**WHAT NEEDS TO BE DONE**
Take the listing below and output it exactly, with no images.

**DATA SHOWN**
==================================================
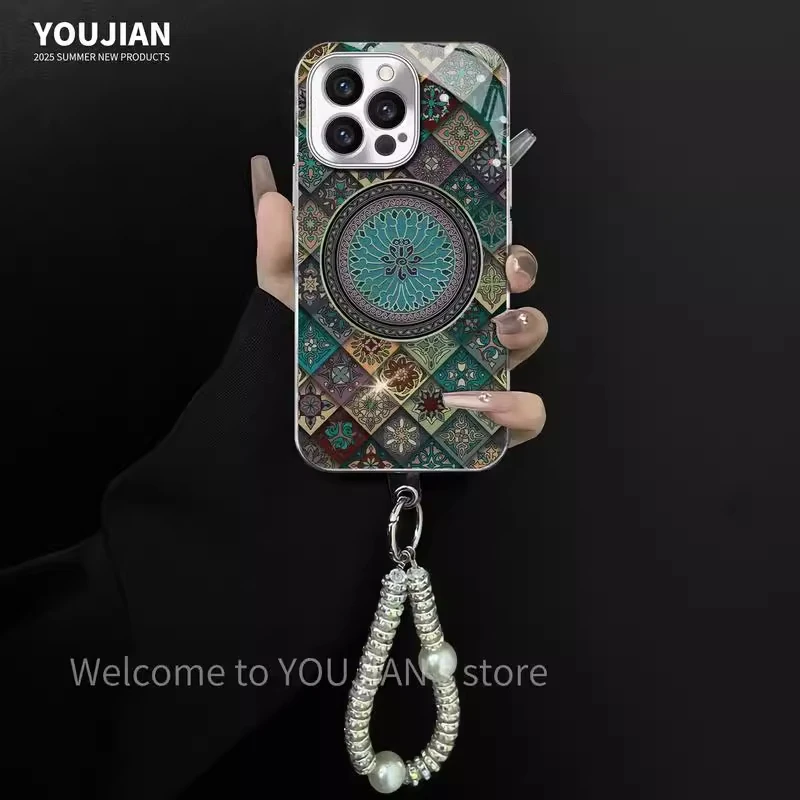 五彩蓝莲花适用iPhone16苹果13电镀玻璃手机壳17promax全包15创意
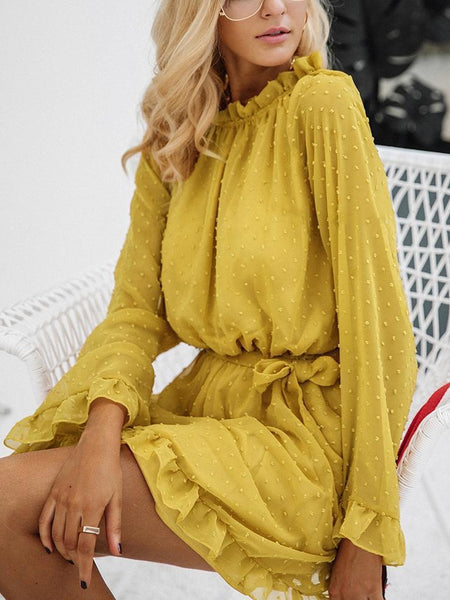 Spring And Summer New Sweet Sexy Long-Sleeved Lace Chiffon Dress Beach Mini Dress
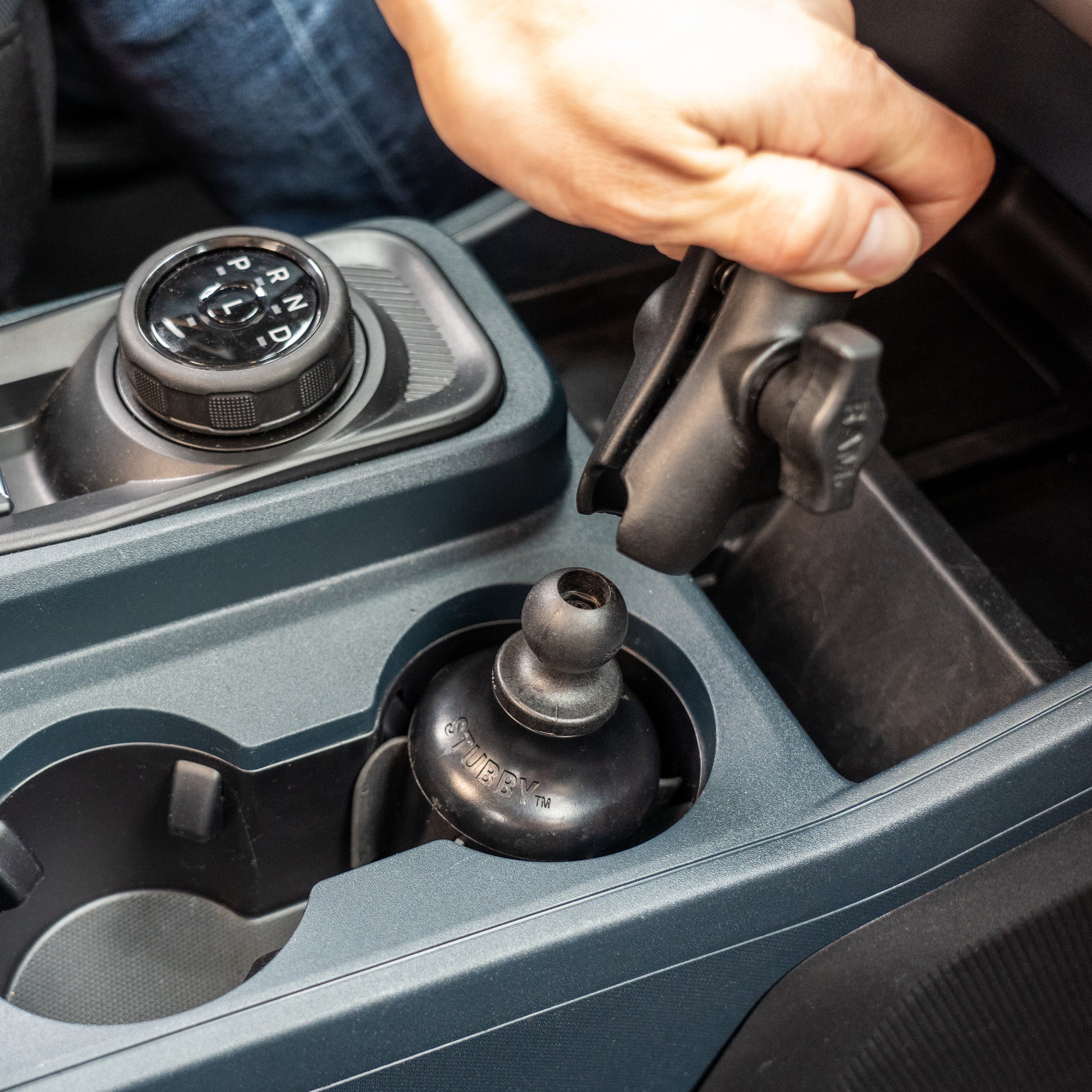 RAP-B-299-4-201U:RAP-B-299-4-201U_1:RAM® Stubby™ Cup Holder Mount with Double Socket Arm - Medium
==================================================
**TASK RESULT**
 五彩蓝莲花适用iPhone16苹果13电镀玻璃手机壳17promax全包15创意
 Spring And Summer New Sweet Sexy Long-Sleeved Lace Chiffon Dress Beach Mini Dress
 RAP-B-299-4-201U:RAP-B-299-4-201U_1:RAM® Stubby™ Cup Holder Mount with Double Socket Arm - Medium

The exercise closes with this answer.